Input data |
^^^^^^^^

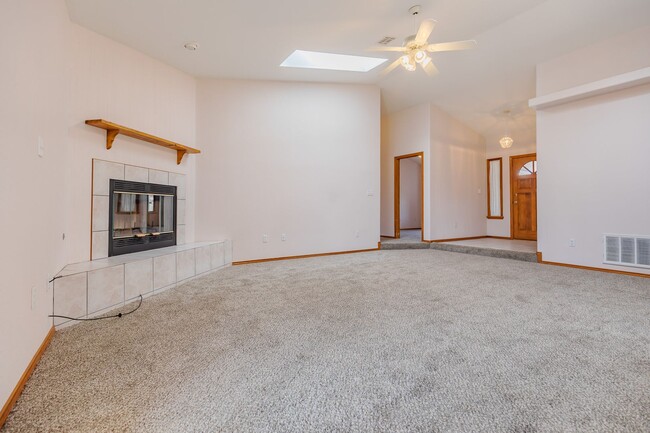 Building Photo - Inviting 3 Bed 2 Bath - Pet Friendly!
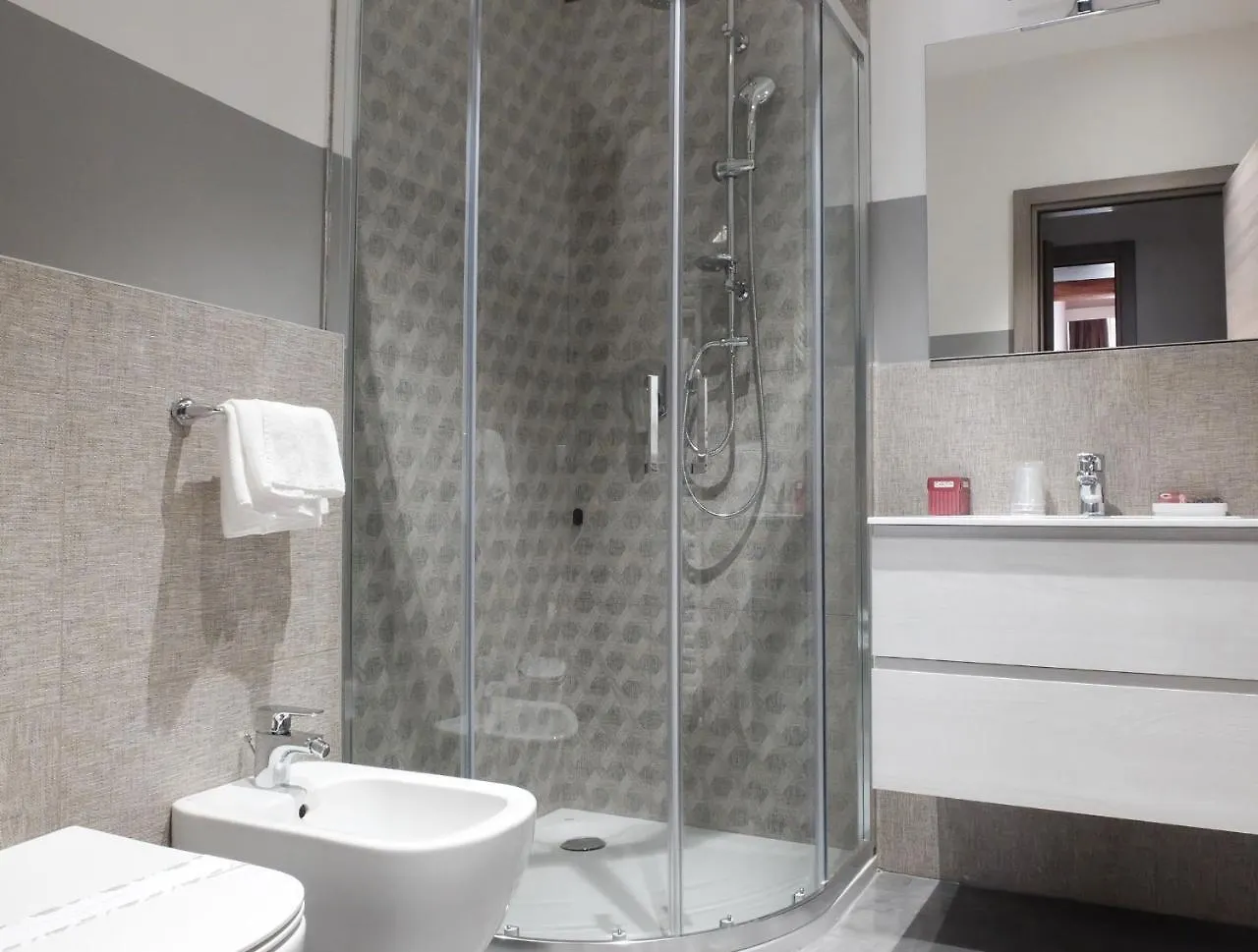 Residence Carlton Ferrara Aparthotel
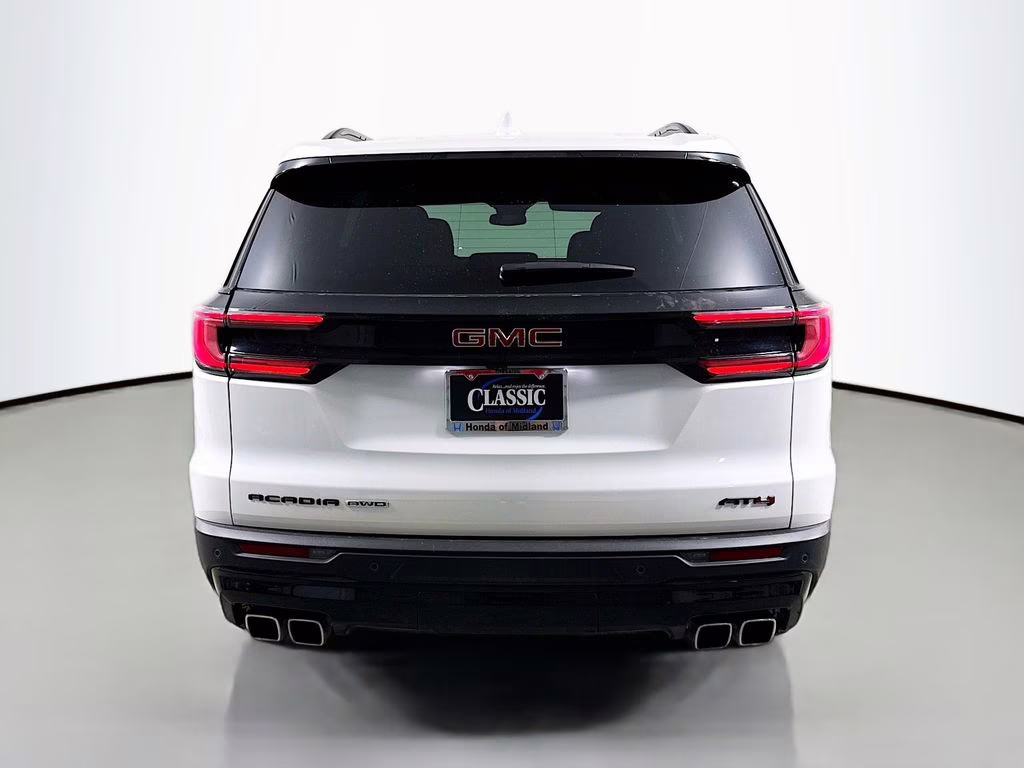2025 White Frost Tricoat GMC Acadia AT4 AWD SUV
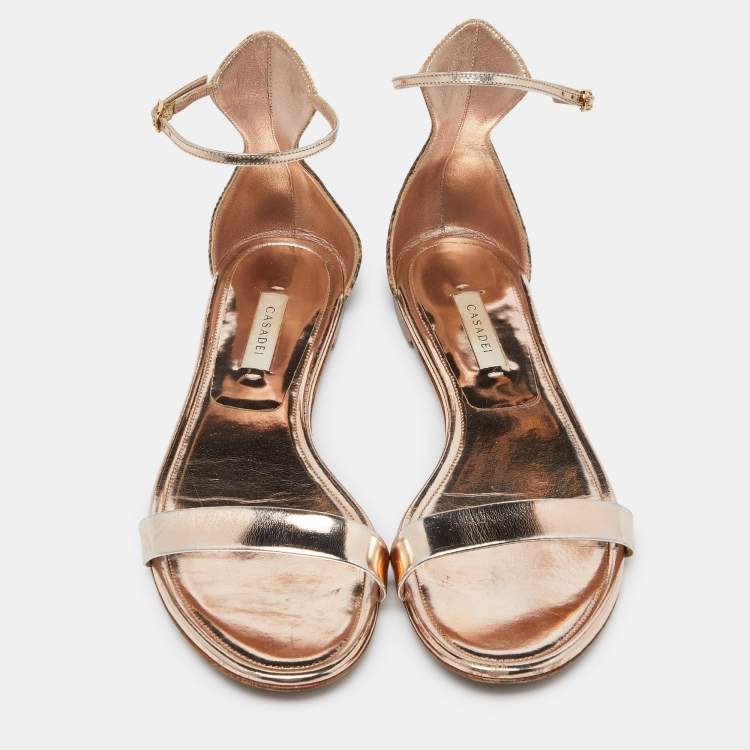 مملوكة مسبقًا Casadei Metallic Leather and Lizard Embossed Ankle Strap Sandals Size 39.5
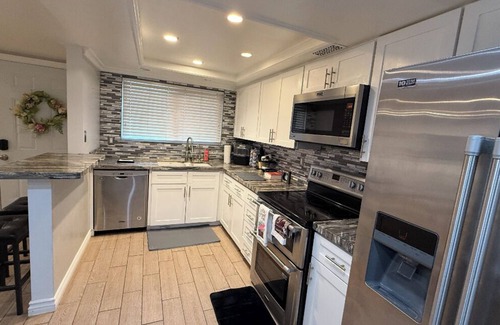 Las Vegas Condo | Spacious & Accessible 2-bedroom Condo with Pool & Private Garage, BEST LOCATION!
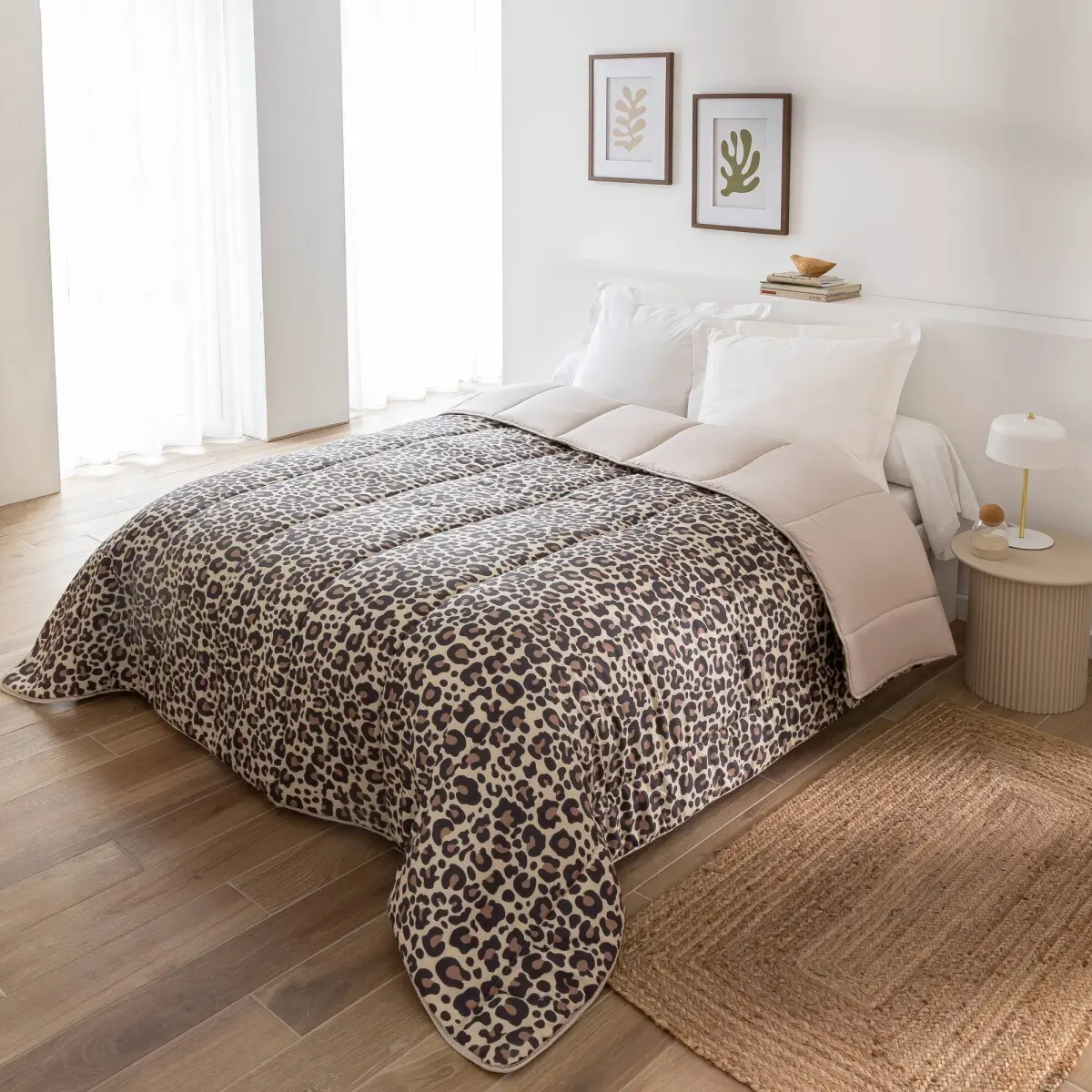 Oboustranná přikrývka z mikrovlákna s potiskem Leopard 200g/m2 béžová/černá 200x200 cm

^^^^^^^^

What this task involves | Leave the pictures out. Output exactly, and only, the lines from the one with "2025 White Frost" through the last line of the listing above, both included.

Answer for this exercise |
2025 White Frost Tricoat GMC Acadia AT4 AWD SUV
 مملوكة مسبقًا Casadei Metallic Leather and Lizard Embossed Ankle Strap Sandals Size 39.5
 Las Vegas Condo | Spacious & Accessible 2-bedroom Condo with Pool & Private Garage, BEST LOCATION!
 Oboustranná přikrývka z mikrovlákna s potiskem Leopard 200g/m2 béžová/černá 200x200 cm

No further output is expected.